I love this excerpt, published in today’s Globe and Mail, from children’s author Susan Juby’s new memoir, Nice Recovery. This book has gone straight to my list of “what to read next,” and it may be a contender for the reading list for next fall’s personal narrative course. In it, Juby discusses her struggle, beginning at the age of 13, with alcoholism. These paragraphs summarize her experience with being a child reader, and resonate uncannily with my own.
…it may have been a mistake to use books as a guide to life. This is because books misled me about a few things. Thanks to warm-hearted stories like Anne of Green Gables, I expected to encounter kindred spirits on every corner, as well as gruff but caring old people… Books hoodwinked me into believing a set of lies about what was and was not important in life. In books…having a good vocabulary was crucially important. When I went to school it turned out to be a serious liability. In books a lack of concern about clothes and personal appearance showed solid character. In school such unconcern spelled social disaster. In books knowing a lot about a lot of things…was admirable and likely to be rewarded. At school it pretty much guaranteed that everyone would think you were a show-off and a bore and would shun you. In books people were mostly nice, and the ones who weren’t nice were easy to spot. In school villains were everywhere and they were well disguised.

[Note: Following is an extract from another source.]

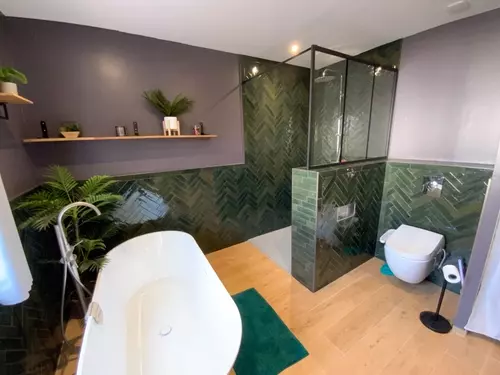 Salle de bain : douche vitrée carrelée en vert et baignoire îlot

In all this talk about why it is important for young people to read literature, this aspect – a very real one – is often overlooked, and I’ve been struggling to put words to it in order to introduce it into the conversation. When you are young, being a reader can really mess up your relationship with the world around you. Is it any wonder, then, that it’s difficult to convince people in their late teens that reading is a good way to spend their time?